Radiflow expects to release its survey findings in late January. This is not just another arcane tussle among nerdy IT professionals. New vulnerabilities and exposures are part and parcel of accelerating the deployment of vast distributed systems, fed by billions of IoT sensors. And they must be fully addressed if digital commerce is to reach its full potential. Here are excerpts of my discussion about this with Radiflow’s CEO Ilan Barda and CTO Yehonatan Kfir, edited for clarity and length:
LW: As we move forward with digital transformation and the Internet of Things, is it becoming more urgent to think about how we protect OT systems?

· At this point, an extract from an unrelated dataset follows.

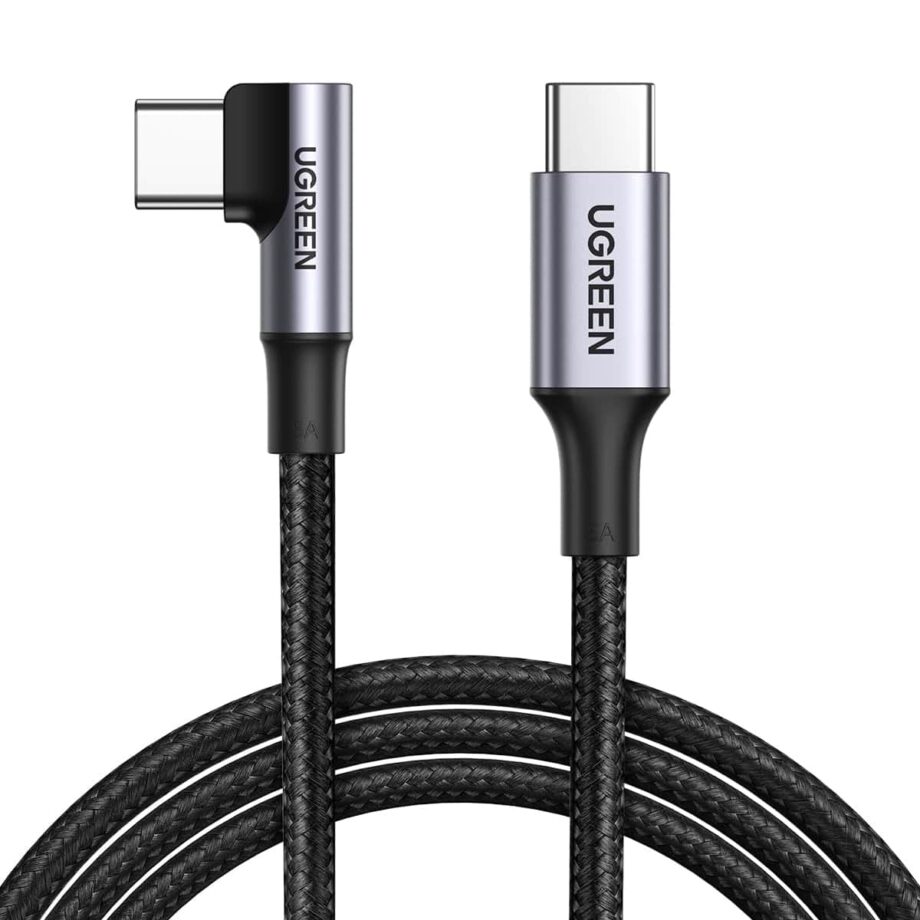 UGREEN 90 Degree Braided 100W Braided USB C to USB C Cable 3M - Black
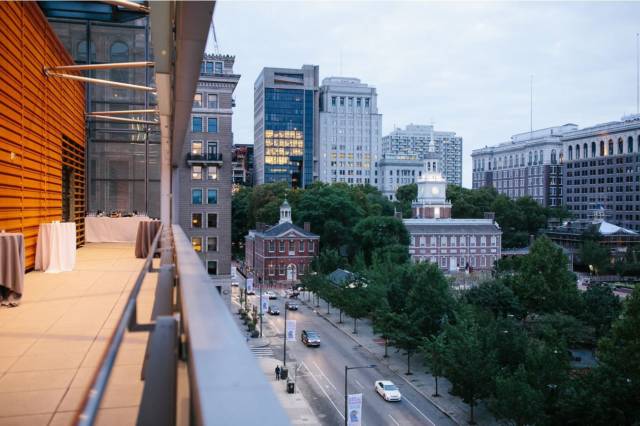 NMAJH Toll Terrace overlooking Independence Hall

Barda: Yes. The risks are growing for two reasons. One is the fact that there are more and more of these kinds of OT networks, more and more sensors, more and more automation applications. And these systems are becoming more dominant, not just in bigger facilities, but especially in mid-sized and smaller organizations
We’re seeing more and more smaller buildings where it makes sense to have everything automated because, on an operational level, you can optimize usage of the lights, heating and air conditioning, and elevators. All of this is done by automated systems.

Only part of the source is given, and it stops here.